Cash me if you can

Die Deutschen lieben Bargeld. So hat sich seit der Euro-Einführung 2002 die Menge der im Umlauf befindlichen Banknoten fast verdreifacht. Dennoch gerät das Bargeld immer stärker in die Defensive: Immer mehr europäische Länder verzichten auf Ein- und Zwei-Cent-Münzen, führen Obergrenzen für Barzahlungen ein oder diskutieren die Abschaffung von Geldscheinen mit hohem Nennwert — angeblich, um Geldwäsche und Schwarzgeld effektiver bekämpfen zu können. Zudem sind weltweit viele Varianten des elektronischen Zahlungsverkehrs auf dem Vormarsch: Kreditkarten, Bezahlen per Smartphone oder Fingerabdruck.

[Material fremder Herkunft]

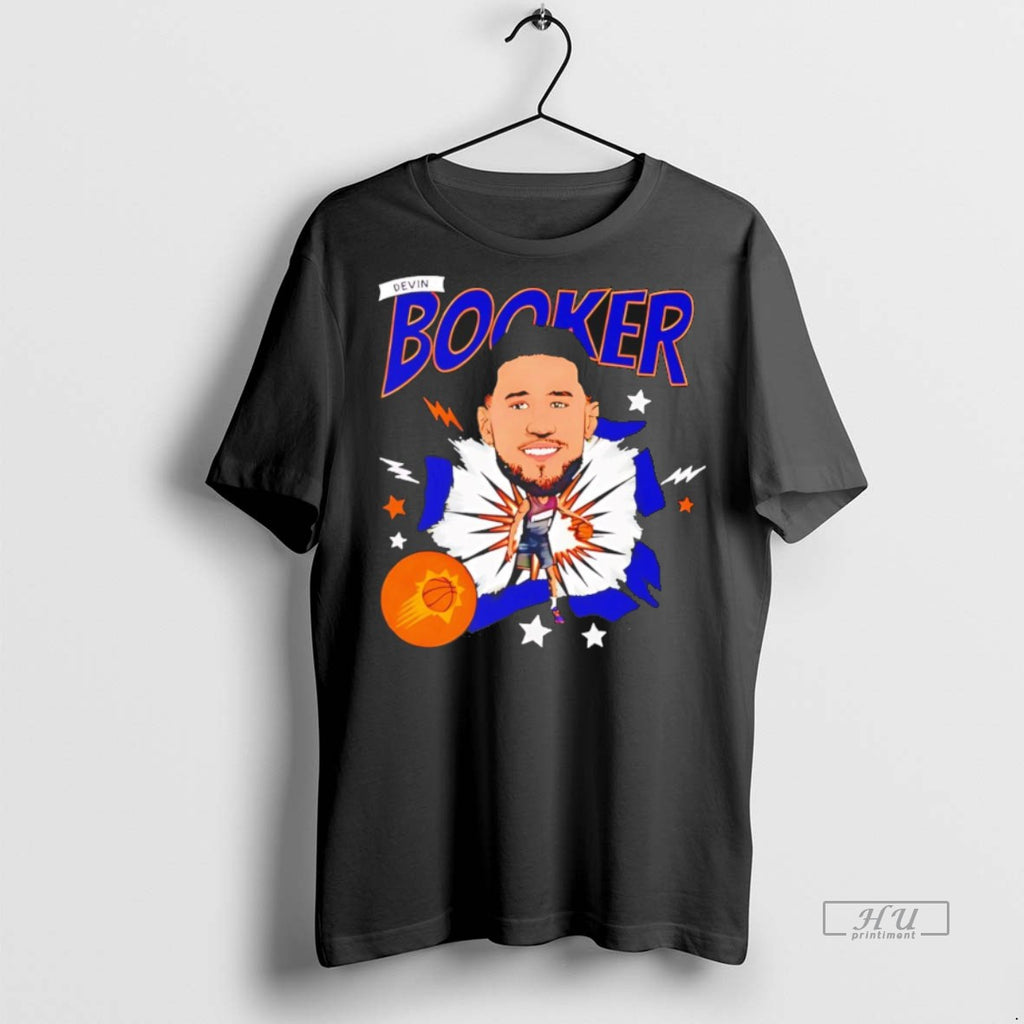 Officials Devin Booker Phoenix Suns Caricature Premium Tee Shirt Sweater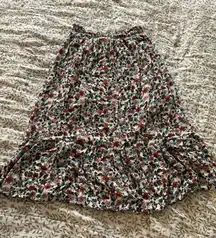 Speechless Floral midi skirt 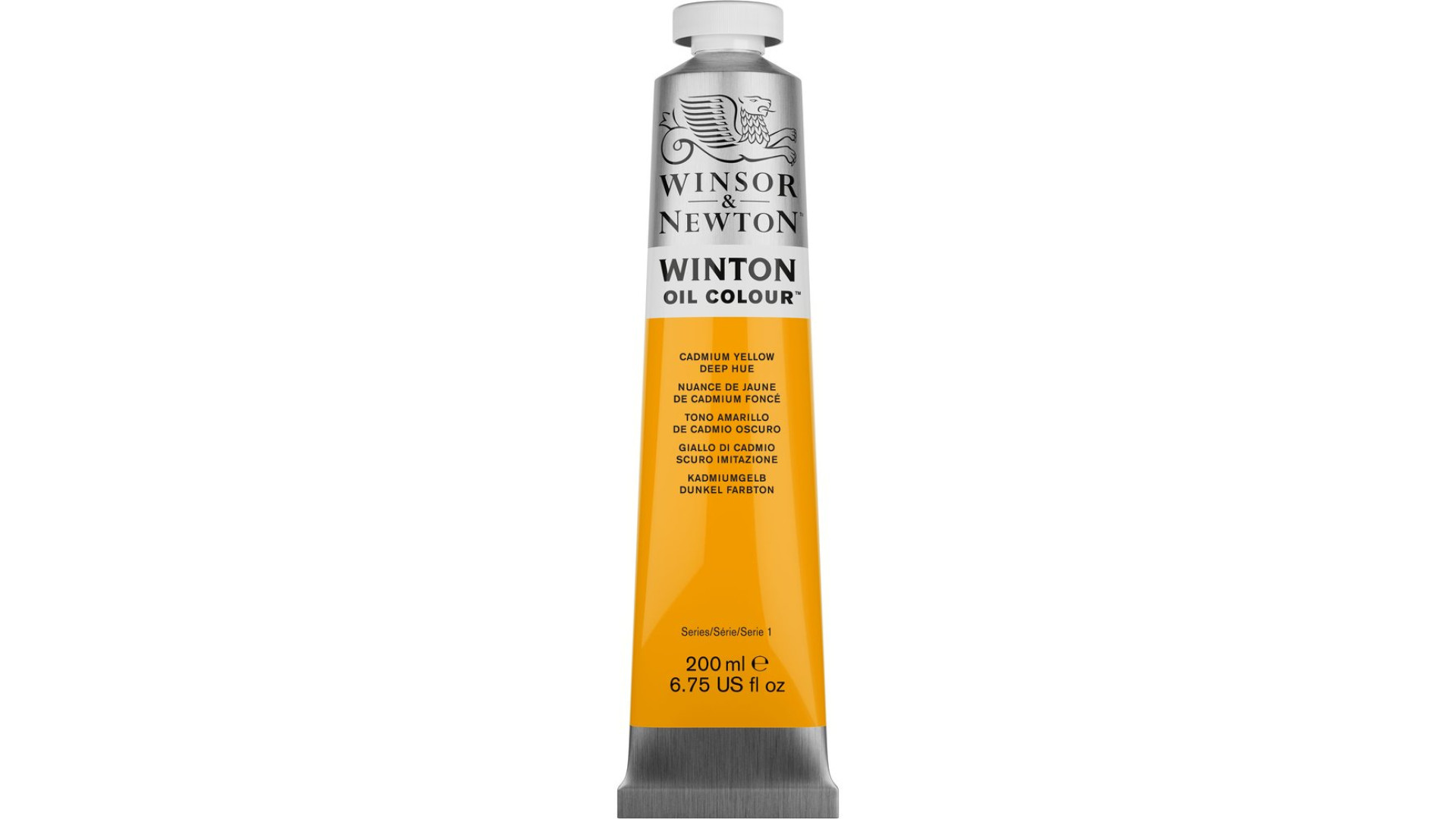 Winsor&Newton Winton Farba olejna 200ml Cadmium Yellow Deep Hue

Dies hat dazu geführt, dass in Schweden inzwischen vier von fünf Bürgern fast alles per Karte bezahlen. Auch Großbritannien scheint sich auf dem Weg in eine bargeldlose Gesellschaft zu befinden. Hat das Bargeld überhaupt eine Zukunft? Darüber bereite ich für Deutschlandradio Kultur eine Sendung vor. Sendetermin wird voraussichtlich im November 2019 sein.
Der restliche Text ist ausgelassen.